James Ceaser | |
Birth Name: | James Wilbur Ceaser |
Nationality: | American |
Alma Mater: | Kenyon College (BA) Harvard University (PhD) |
Occupation: | Harry F. Byrd Professor of Politics |
Awards: | Bradley Prize |
Work Institutions: | Harvard University, University of Virginia |
Influences: | Plato, Aristotle, Jefferson, Madison, Tocqueville |
James Wilbur Ceaser is an American political scientist.[1] He is the Harry F. Byrd Professor of Politics, and the director of the Program on Constitutionalism and Democracy, at the University of Virginia, where he has taught since 1976.[2] In addition to his work at UVA, Ceaser is a senior fellow at the Hoover Institution at Stanford University, has held visiting fellowships at Harvard University, Princeton University, Oxford University, the University of Rennes, and the University of Bordeaux, and been a Fulbright teacher at the University of Basel and the University of Florence.[3]
Ceaser was educated at Kenyon College (B.A.), Cornell University, and Harvard University (Ph.D.) where he studied under Walter Berns, Allan Bloom, James Q. Wilson, Harvey Mansfield, and Walter Dean Burnham.[4] [5] [1] His dissertation, "Presidential Selection: Theory and Development," was published by Princeton University Press in 1979.[6]

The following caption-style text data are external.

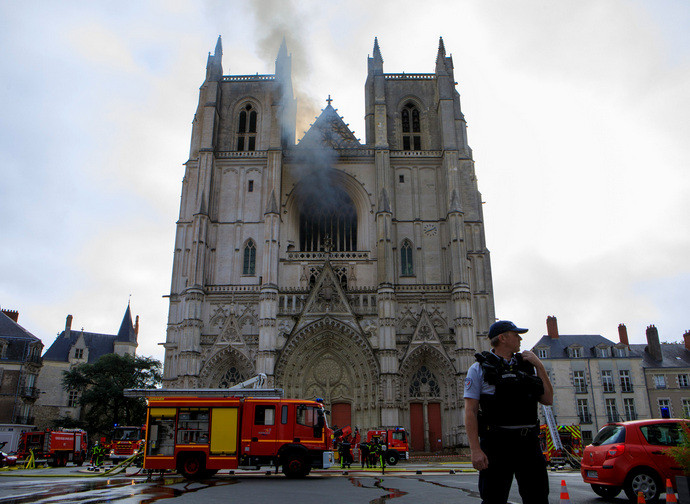 La cattedrale di Nantes dopo l'incendio La cattedrale di Nantes dopo l'incendio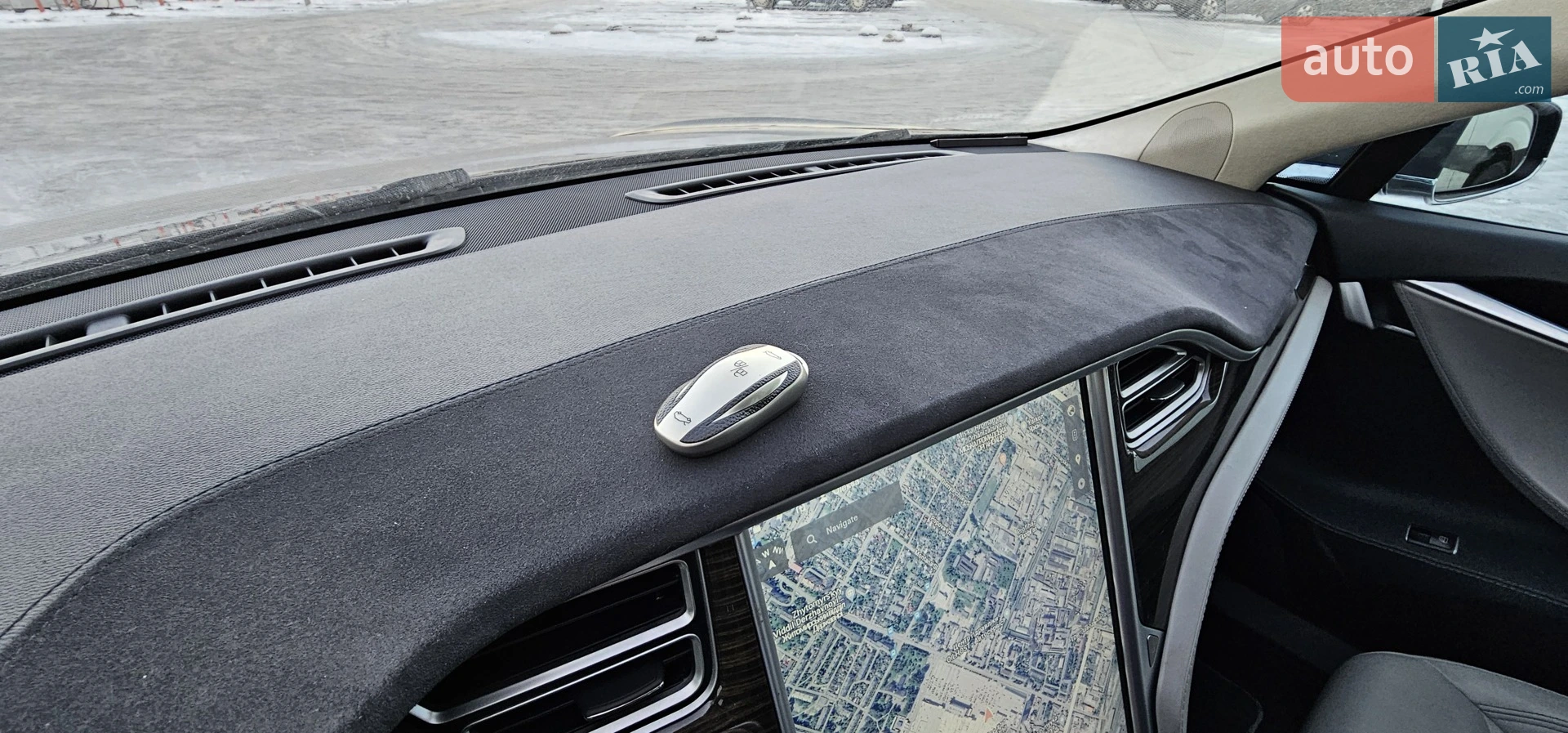 2015 Tesla Model S - мініатюра 15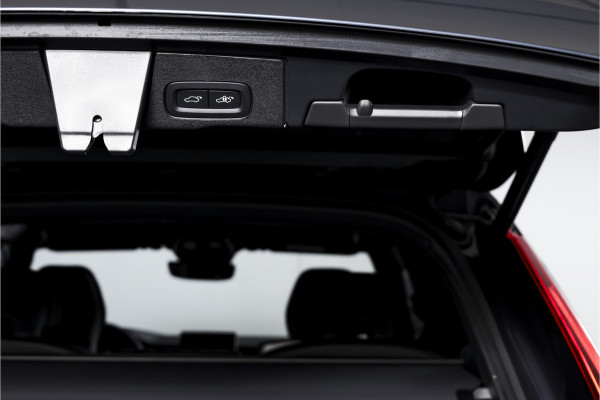 Volvo XC60 2.0 T8 Plug-in hybrid AWD Plus Black Edition - Facelift MY26 | Harman/Kardon | S/K-Panodak | Dig. Cockpit | Adapt. Cruise | Elek. Klep | Stoel-+Stuurverw. | Camera | NAV+App. Connect | ECC | LM 21" | 5589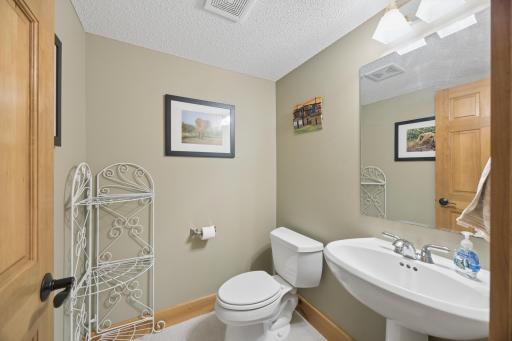 16650 Hearthside Court, Lakeville, MN 55044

Ceaser is a well-known scholar of American politics and political philosophy. His notable books include Liberal Democracy and Political Science (Johns Hopkins University Press, 1992),[7] Reconstructing America (Yale University Press, 1997),[8] and Nature and History in American Political Development (Harvard University Press, 2008).[9] Since 2004, Ceaser has served as the chairman of the Academic Council of the Jack Miller Center for the Teaching of America's Founding Principles and History. In 2006, he founded the Program on Constitutionalism and Democracy at the University of Virginia.[10] In 2015, Ceaser received the Jeane Kirkpatrick Prize for Academic Freedom from the Bradley Foundation.[11]